Chinese investment in Australia falls, spurring calls for re-elected govt to improve ties

Chinese firms invested A$4.8 billion (S$4.54 billion) in Australia in 2018, down from A$15.8 billion in 2016. PHOTO: ST FILE

SYDNEY (AFP) - Chinese investment in Australia has fallen to its lowest level in five years, new research shows, sparking calls for the newly re-elected conservative government to improve its rocky relationship with Beijing.

After hitting a peak of A$15.8 billion (S$15 billion) in 2016, Chinese firms invested A$4.8 billion in the country last year, the Australian National University said on Monday (May 20).

Researchers said the amount of cash piled into Australia had been "broadly in line" with China's global activities, except for last year when it fell 50 per cent from A$9.6 billion in 2017.
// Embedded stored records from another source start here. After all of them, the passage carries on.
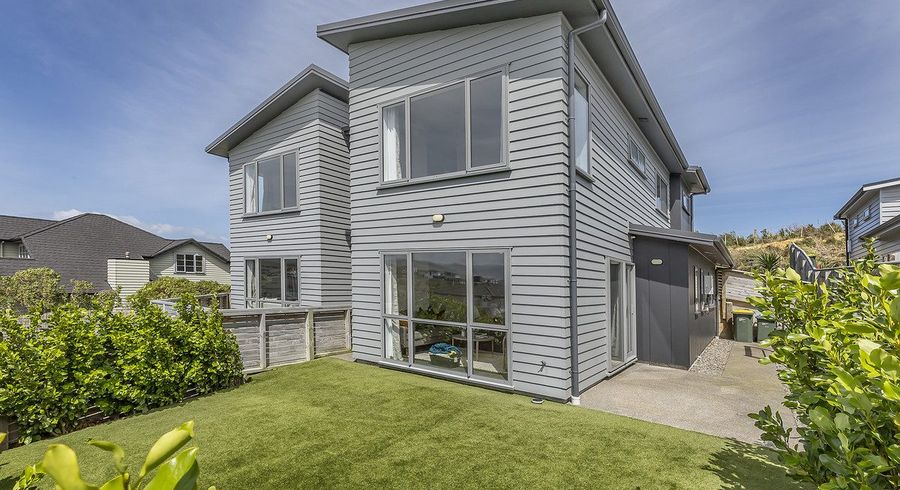  at 84 Endeavour Drive, Whitby, Porirua, Wellington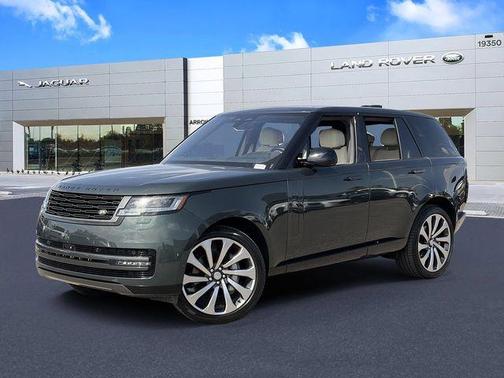Belgravia Green 2023 Land Rover Range Rover P400 SE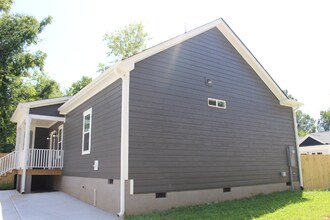 3635 Guess Rd in Durham, NC - Foto de edificio - Building Photo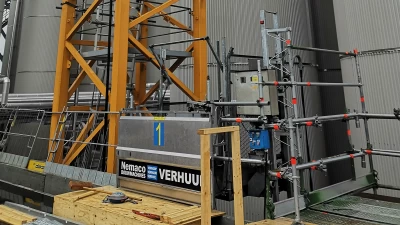 Plaatsing personen-goederen lift Friesland Campina Veghel
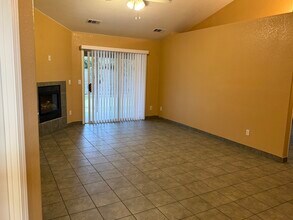1102 Kirksey Dr in Turlock, CA - Building Photo - Building Photo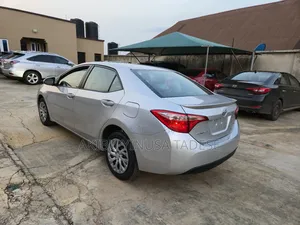 Toyota Corolla LE Eco (1.8L 4cyl 2A) 2018 Silver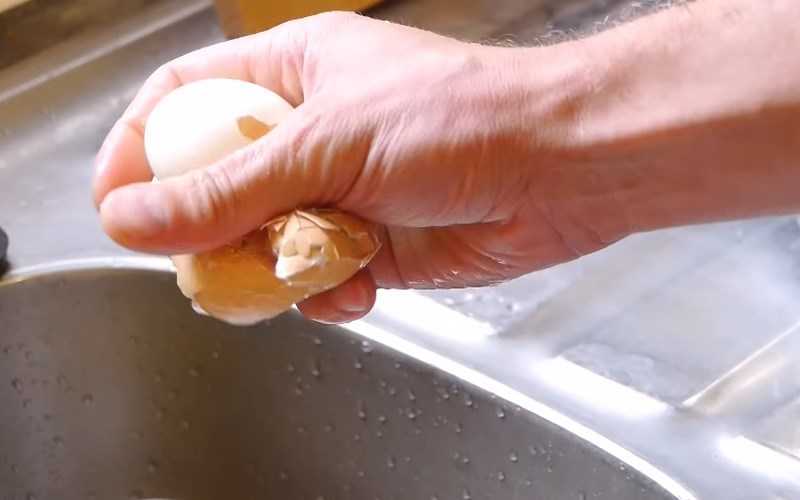 Dùng tay tách vỏ trứng và rửa sạch với nước.
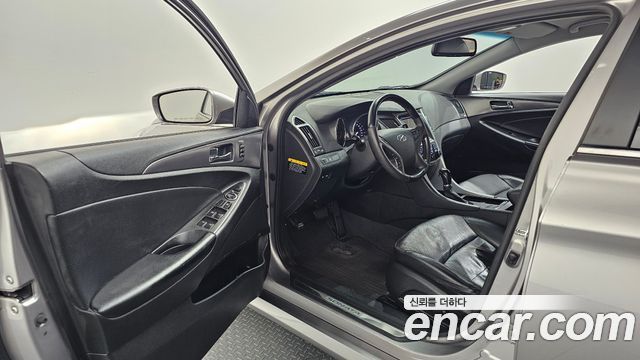 Hyundai Sonata 2012 — photo 10
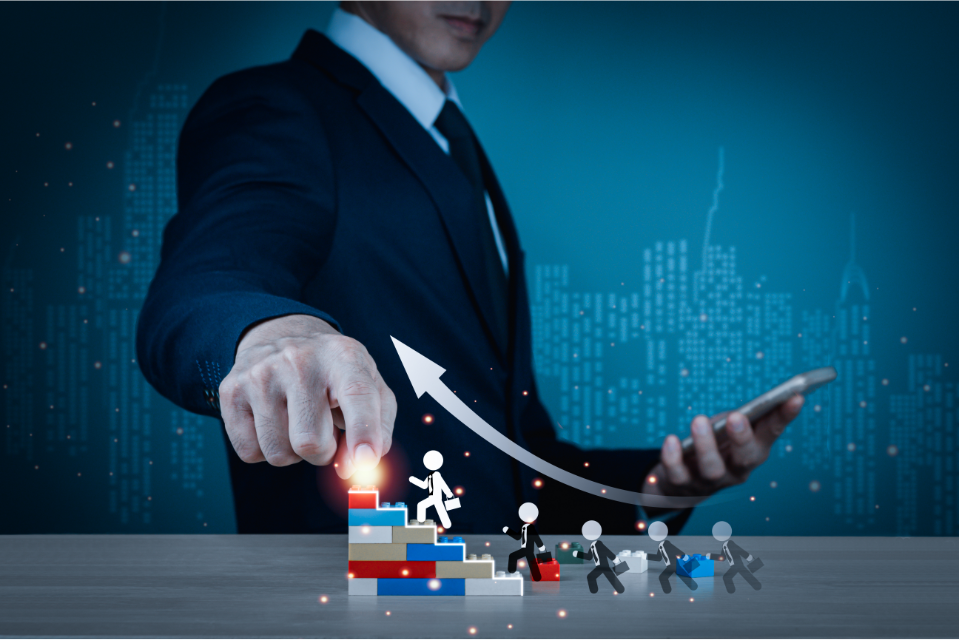 Top Speakers Who Helped 10x Well-Known Organizations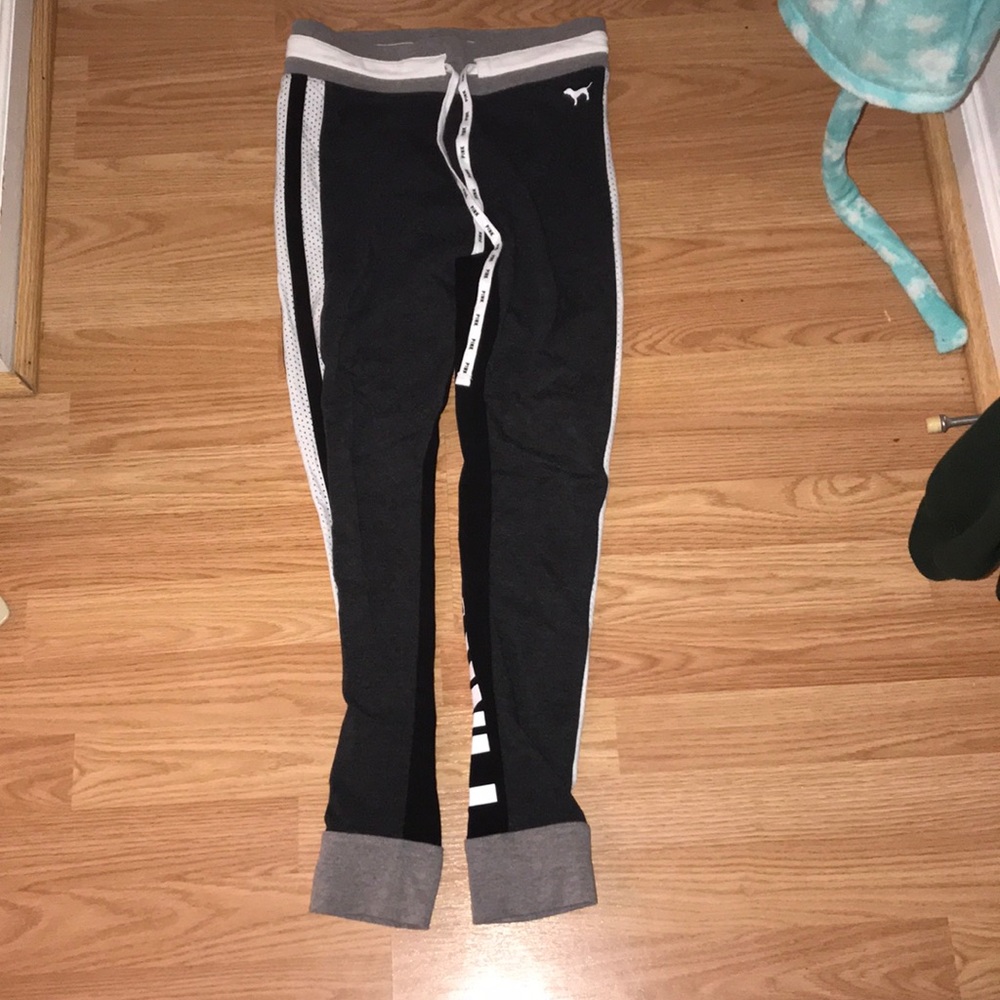 VS PINK JOGGERS
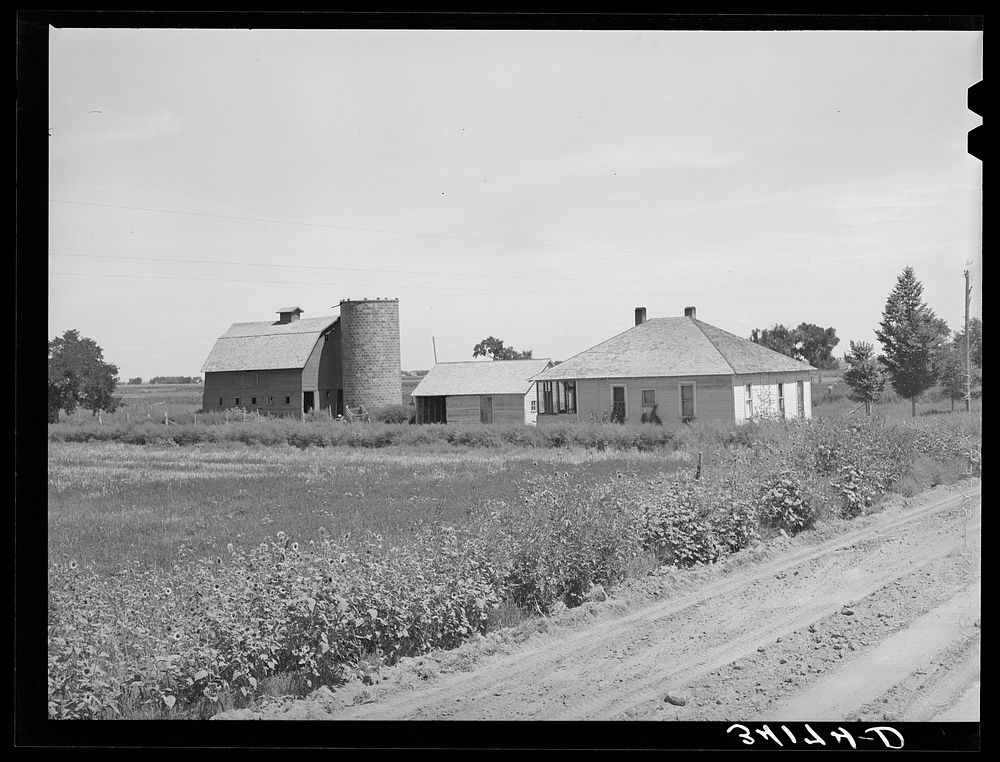 Farmstead on land which owner of the farm, Ernest W. Kirk Jr., FSA (Farm Security Administration) client, rents at present…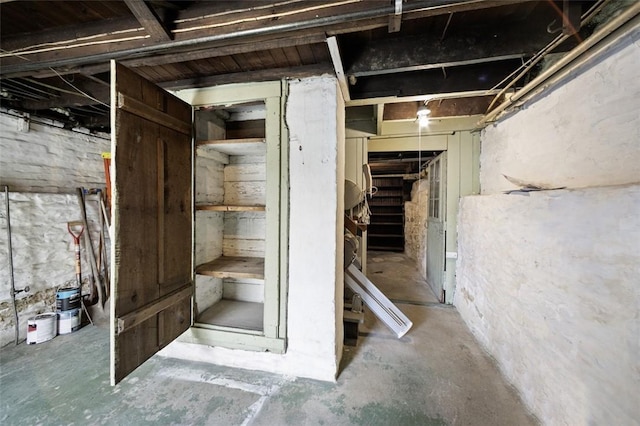 425 Concord Ave, City Of Greensburg, PA 15601 - unfinished below grade area featuring stairway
The data will fuel concerns that strained political ties between Beijing and Canberra are hurting the economic relationship.

"Chinese investment flows offshore have fallen generally in the past year but they have fallen more in Australia," report co-author Peter Drysdale told The Australian newspaper.

"It shows there is a problem, as the investment relationship is more affected by the political situation.

"It is a serious warning sign that we have to do more to get the relationship back on track. Quite a lot of work has to be done to improve the relationship."

Canberra in recent years has curbed Chinese involvement in key infrastructure projects, as leaders grow increasingly concerned about Beijing's influence in the country.

The study follows reports earlier this year that Australian coal was being blocked or experiencing delays at Chinese ports. Both governments have denied those reports.

China is Australia's biggest trading partner and coal is the resource-rich country's most valuable export.

Bloomberg News reported in April that Beijing will maintain the slowdown on imports until it assesses the outcome of Saturday's election.

Overall, China is Australia's ninth-largest foreign investor, or 1.8 per cent of the total, according to Australia's foreign affairs department.